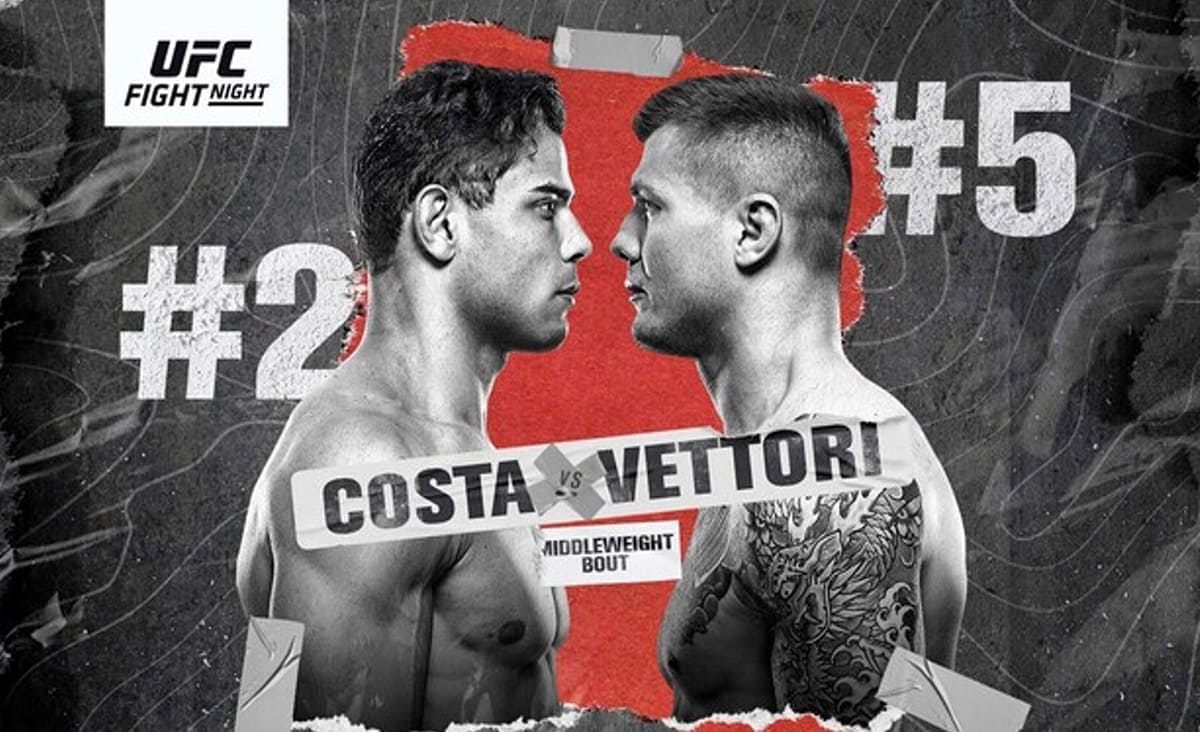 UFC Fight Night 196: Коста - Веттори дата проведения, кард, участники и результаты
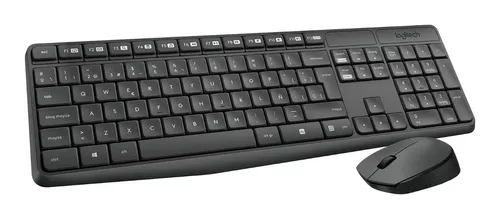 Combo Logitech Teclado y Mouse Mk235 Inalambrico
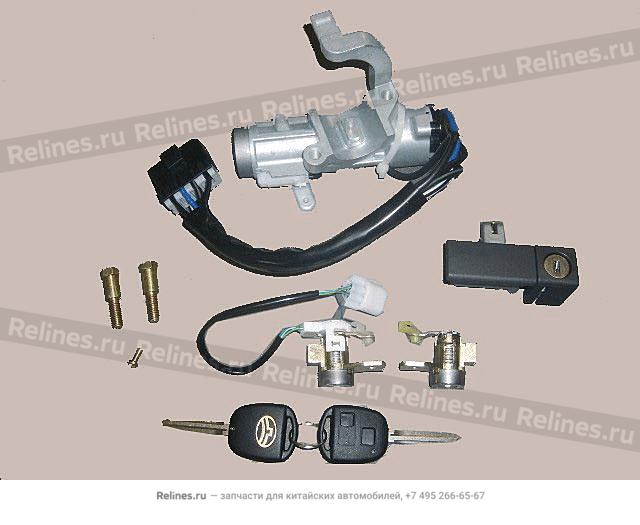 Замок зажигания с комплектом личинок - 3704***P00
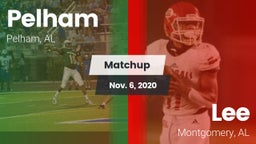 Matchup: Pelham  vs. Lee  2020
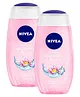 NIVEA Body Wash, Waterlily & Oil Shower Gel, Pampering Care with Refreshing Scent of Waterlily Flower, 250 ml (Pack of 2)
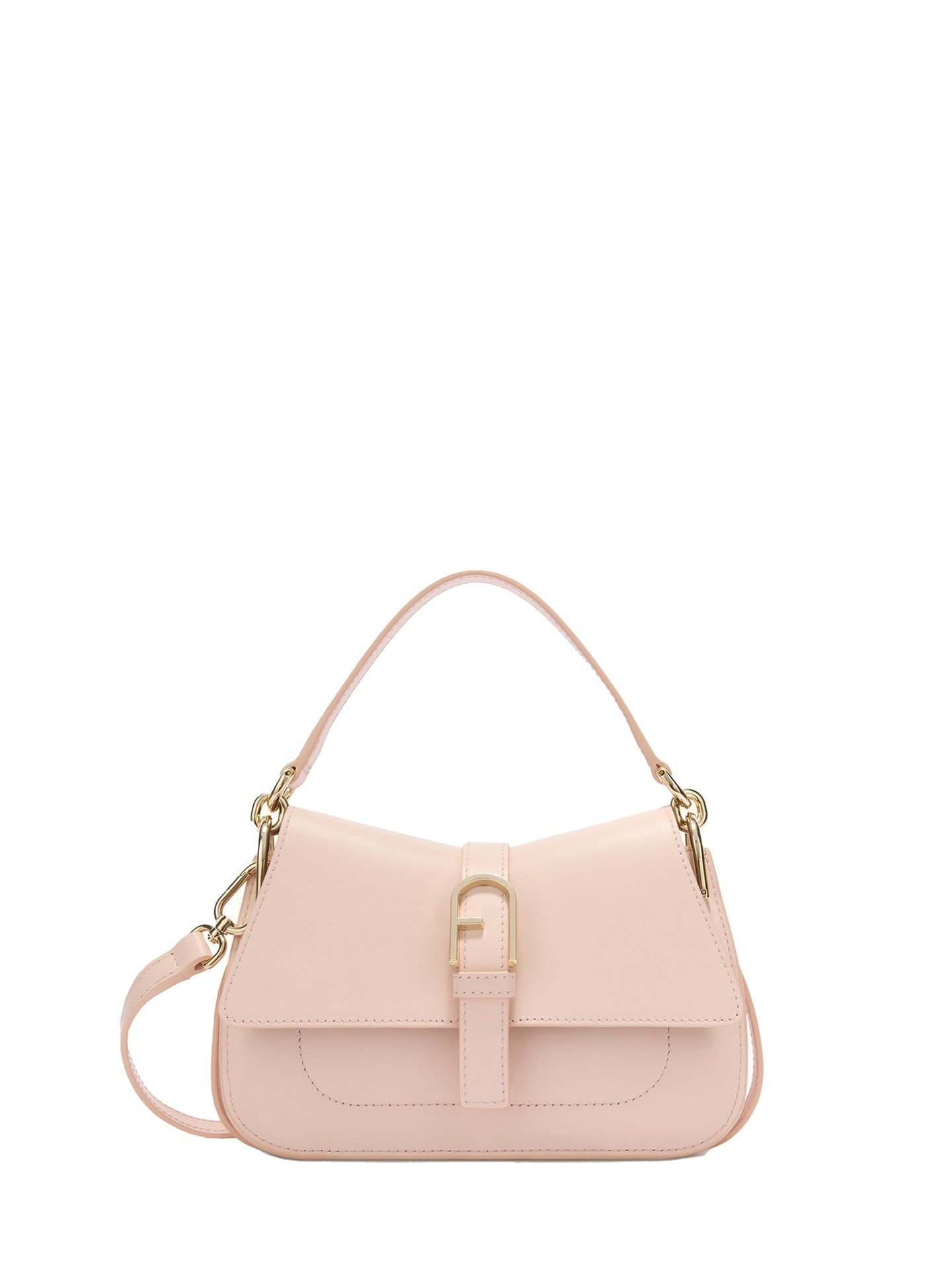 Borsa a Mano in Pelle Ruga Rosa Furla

·····

Exercise description: Set down the entries above word for word, but drop any image.

Written response:
 UFC Fight Night 196: Коста - Веттори дата проведения, кард, участники и результаты
 Combo Logitech Teclado y Mouse Mk235 Inalambrico
 Замок зажигания с комплектом личинок - 3704***P00
 Matchup: Pelham  vs. Lee  2020
 NIVEA Body Wash, Waterlily & Oil Shower Gel, Pampering Care with Refreshing Scent of Waterlily Flower, 250 ml (Pack of 2)
 Borsa a Mano in Pelle Ruga Rosa Furla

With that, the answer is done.